Sylvia Ostry  (; June 3, 1927 – May 7, 2020) was a Canadian economist and public servant.

Life
Born Sylvia Knelman in Winnipeg, Manitoba on June 3, 1927, she received a Bachelor of Arts in economics from McGill University in 1948, a Master of Arts from McGill in 1950, and eventually earned her PhD from Girton College, Cambridge in 1954.

After studying at the University of Cambridge, she was a lecturer at McGill, becoming an assistant professor from 1952 to 1955, and becoming Associate Professor at the Université de Montréal from 1962 to 1964.

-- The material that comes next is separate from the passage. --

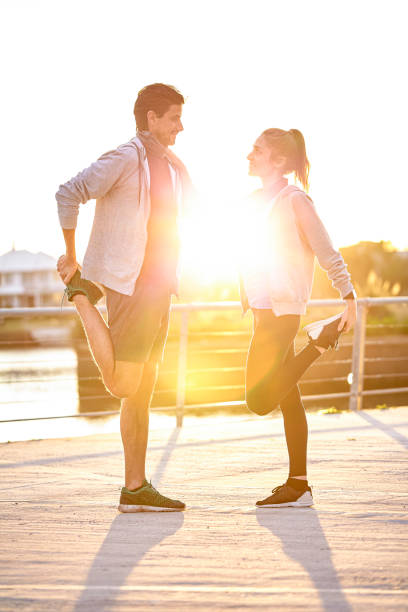 istock Couple exercising outdoors 1288561311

From 1972 to 1975, Ostry was Chief Statistician of Canada at Statistics Canada. From 1975 to 1978, Ostry was Deputy Minister, Consumer and Corporate Affairs. From 1978 to 1979, she was Chairman, Economic Council of Canada. From 1979 to 1983, she was Head of the Department of Economics and Statistics of the Organisation for Economic Co-operation and Development, Paris. From 1984 to 1985 she was Deputy Minister, International Trade, and Coordinator, International Economic Relations.  Later, in 1986 Ostry became a member of the influential Washington-based financial advisory body, the Group of Thirty. During the 1988 G7 Summit in Toronto, Ostry served as Canada's sherpa.

From 1991 to 1996, she was Chancellor, University of Waterloo. In 1997 she was appointed Chancellor Emerita, University of Waterloo.

From 1990 to 1997, she was Chair of the University of Toronto's Centre for International Studies. Since then she has been a Distinguished Research Fellow there.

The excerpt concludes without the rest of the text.